SAN FRANCISCO (CN) - A lawyer urged the en banc 9th Circuit to revive claims against Medtronic over a pain pump that allegedly paralyzed his client.

Richard Stengel and his wife, Mary, sued Medtronic in Arizona state court after the pain pump he had surgically implanted in his abdomen caused inflammation that led to paralysis.

The original suit brought claims of negligence, breach of warranty and product liability.
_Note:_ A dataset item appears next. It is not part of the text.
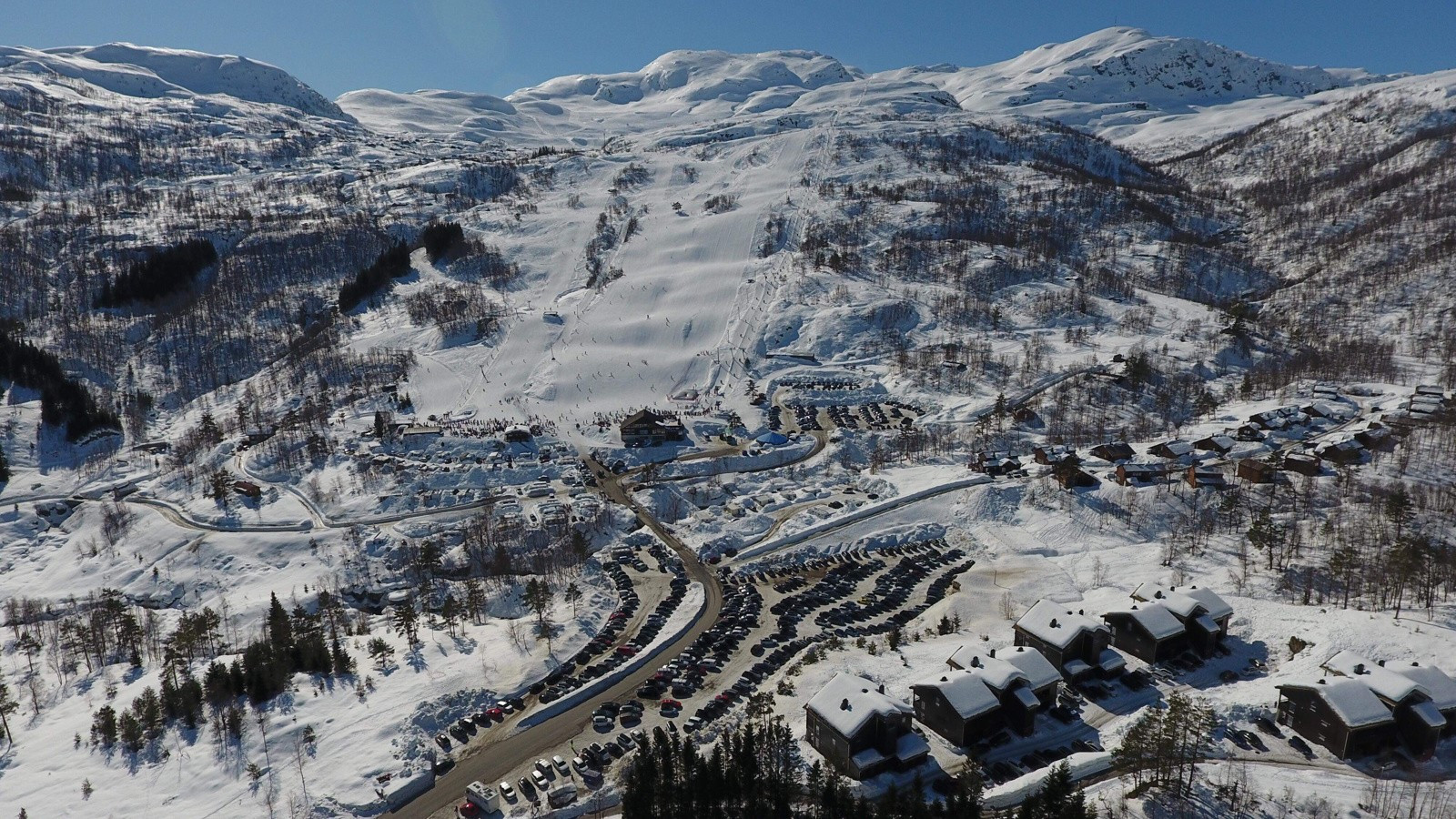 Sauda Skisenter in Norway: an aerial view of a ski resort in the french alps.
The Stengels also sought to include a new theory that Medtronic caused Stengel's paralysis not reporting defects to the Food and Drug Administration, as required by federal regulations.
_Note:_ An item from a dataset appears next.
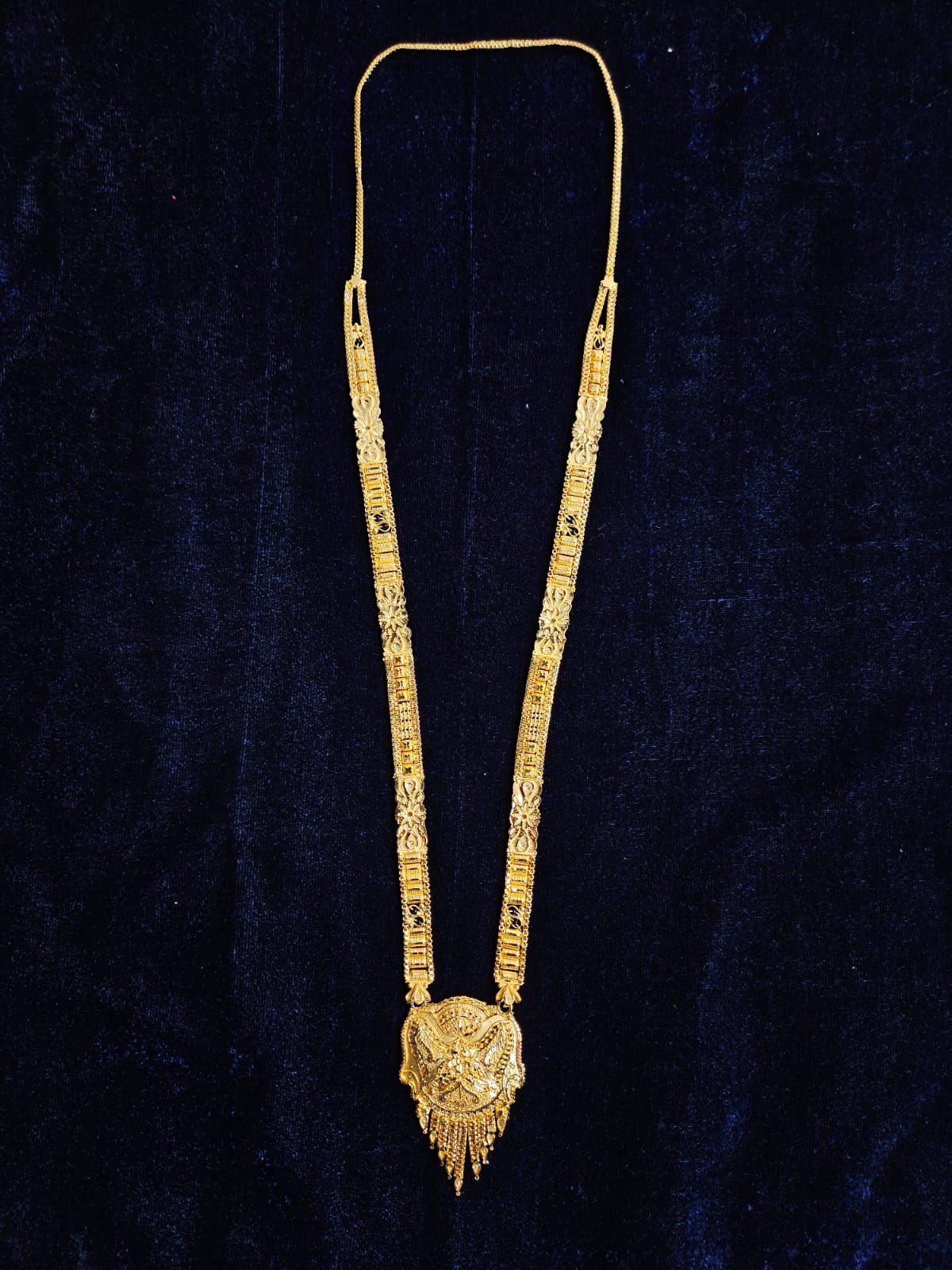 Handcrafted Gold Filigree Necklace | Traditional Indian Jewelry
After affirming dismissal of the action, the 9th Circuit granted a rehearing.

Tom Cotter, the Stengels' attorney, emphasized the new claims at the hearing Wednesday.

"Medtronic failed to provide an educational brief it created to the FDA," Cotter said.

An FDA audit of the Medtronic plant uncovered at least 37 problems with the pump that had previously eluded the FDA.

If Medtronic had communicated better with the federal agency, doctors would have been warned before Stengel's inflammation progressed, Cotter argued.

"If what should have occurred had occurred, an earlier warning would have gone out," he said.

Chief Judge Alex Kozinski interrupted with a grammar gripe.

"Would have gone out from where?" Kozinski asked. "You speak in passives, passives are always so annoying. Who would have issued the warning?"

"Medtronic," Cotter said. "Here, what happened is that they were required, as soon as their violation were discovered, they were required to do it. If those reports had gone out as soon as they should have, they would have been required earlier."

Medtronic attorney Michael Brown countered: "Each of the causes of action are expressly pre-empted. At the end of the day what they're asking is that there be a warning that is different from or addition to the federally mandated warning."

Kozinski challenged this argument.

"I don't think so," he said. "I didn't hear that. Their claim is that your client should have notified the FDA sooner of these problems. And, had they done that, word would have gotten out, either by osmosis or by the FDA taking steps to advise them to warn. That's the claim, not that they had to anything more than the FDA required but that they had to do it sooner."

Brown also said that the Stengels failed to skirt pre-emption since they failed to bring an established state-law claim that is "genuinely equivalent or identical" to federal law.